Data START

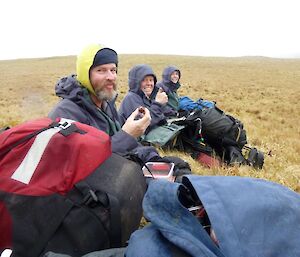 Three people sitting in a field eating.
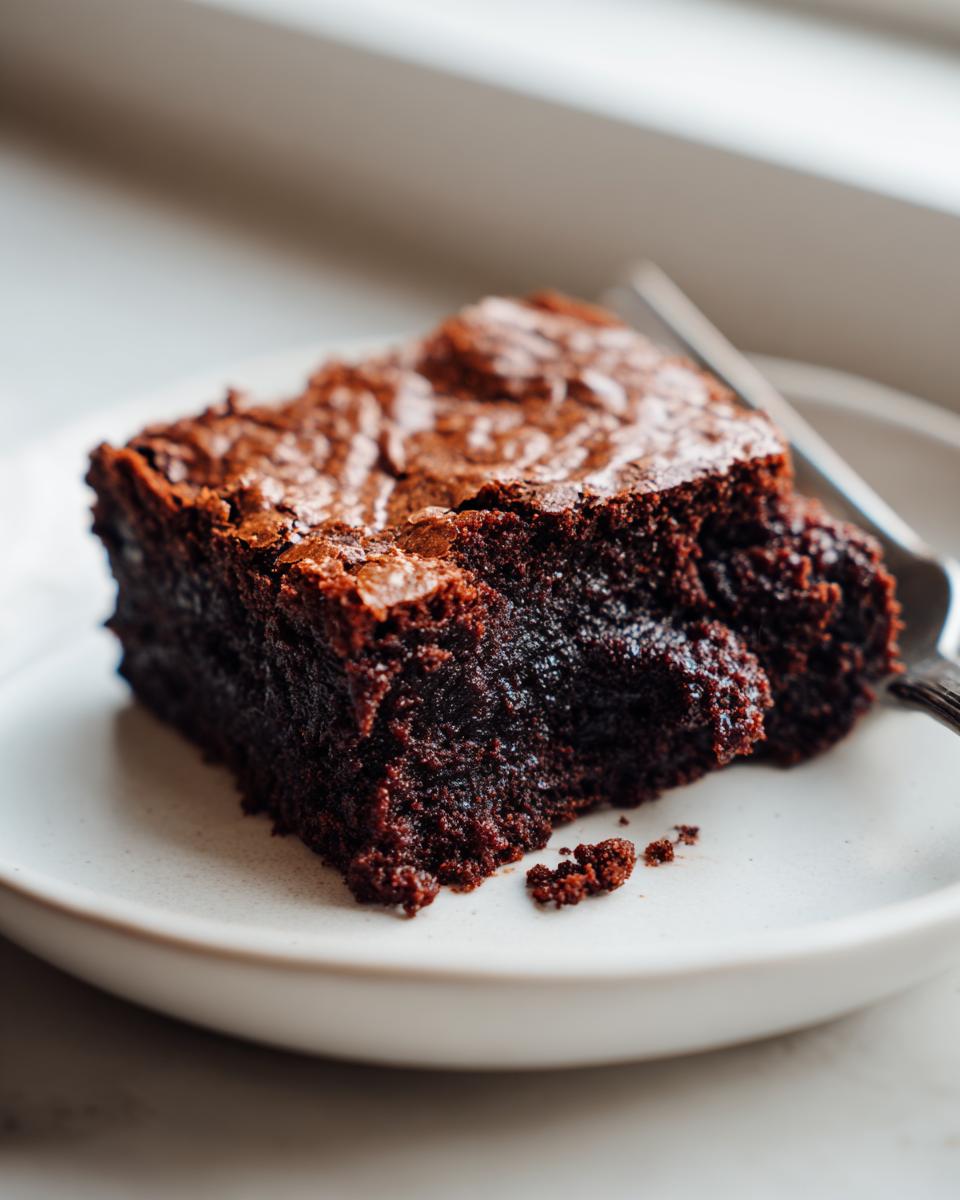 Close-up of a fudgy, dark chocolate slice of gingerbread brownies on a white plate with a fork.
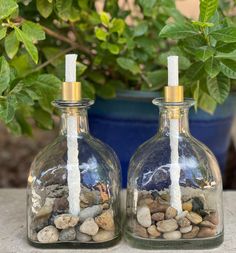 two glass bottles with candles inside sitting next to each other on a table near a potted plant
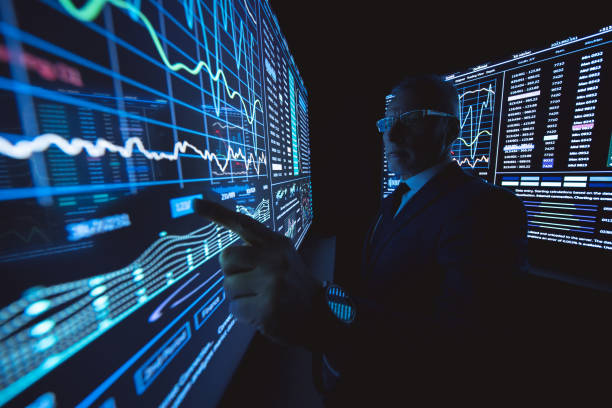 istock The man working on the big sensor display in the dark lab 1237516616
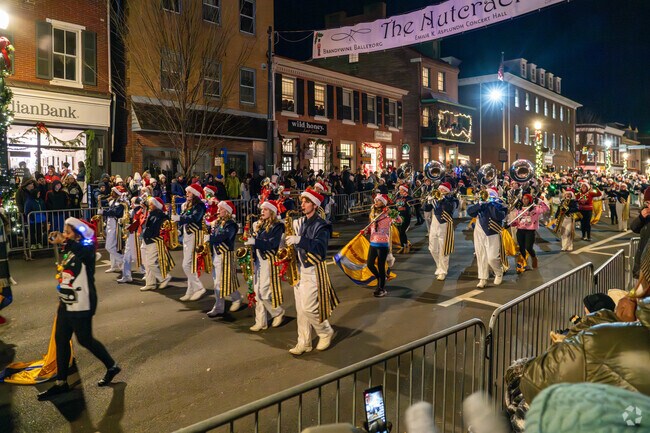 A high school marching band leads off the West Chester Christmas Parade.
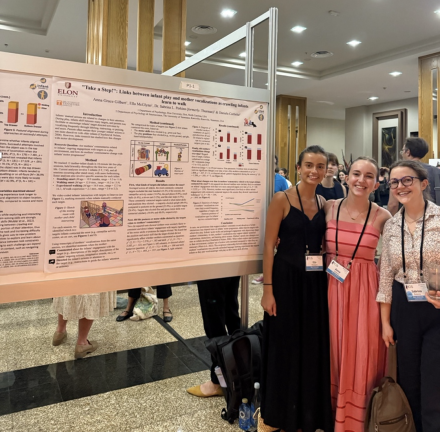 Three people stand beside a research poster at an academic conference, smiling at the camera. Wearing conference name badges, they pose in a busy poster session with other presenters and attendees in the background.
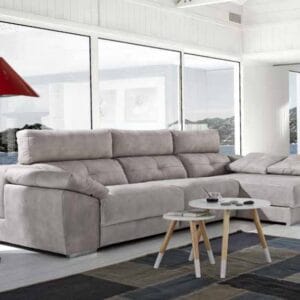 Cómodo sofá chaise longue Reina con respaldos reclinables y práctico arcón de almacenaje, perfecto para optimizar el espacio en salones modernos.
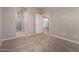 A neutral-toned main bedroom features carpeting and an attached bathroom at 5656 N 205Th Ln, Buckeye, AZ 85396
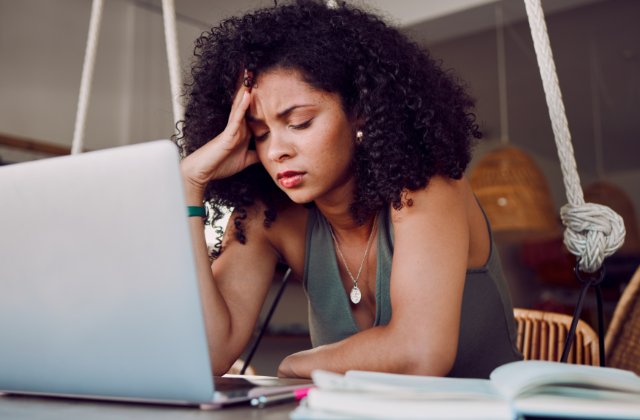 A young woman sitting alone at a desk with an open book and laptop in front of her, while resting her hand on her head.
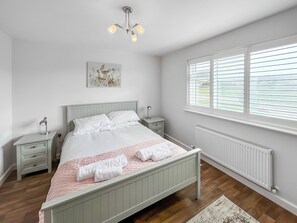 A bedroom with a bed, bedside tables, a radiator, a window with blinds, and a ceiling light fixture. - Magnolia Lodge - UK51603 (Sunset Lakes)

Data END

- **Task objective**
Retype the full listing above precisely. Exclude each picture you find in it.

- **Response**
 Three people sitting in a field eating.
 Close-up of a fudgy, dark chocolate slice of gingerbread brownies on a white plate with a fork.
 two glass bottles with candles inside sitting next to each other on a table near a potted plant
 istock The man working on the big sensor display in the dark lab 1237516616
 A high school marching band leads off the West Chester Christmas Parade.
 Three people stand beside a research poster at an academic conference, smiling at the camera. Wearing conference name badges, they pose in a busy poster session with other presenters and attendees in the background.
 Cómodo sofá chaise longue Reina con respaldos reclinables y práctico arcón de almacenaje, perfecto para optimizar el espacio en salones modernos.
 A neutral-toned main bedroom features carpeting and an attached bathroom at 5656 N 205Th Ln, Buckeye, AZ 85396
 A young woman sitting alone at a desk with an open book and laptop in front of her, while resting her hand on her head.
 A bedroom with a bed, bedside tables, a radiator, a window with blinds, and a ceiling light fixture. - Magnolia Lodge - UK51603 (Sunset Lakes)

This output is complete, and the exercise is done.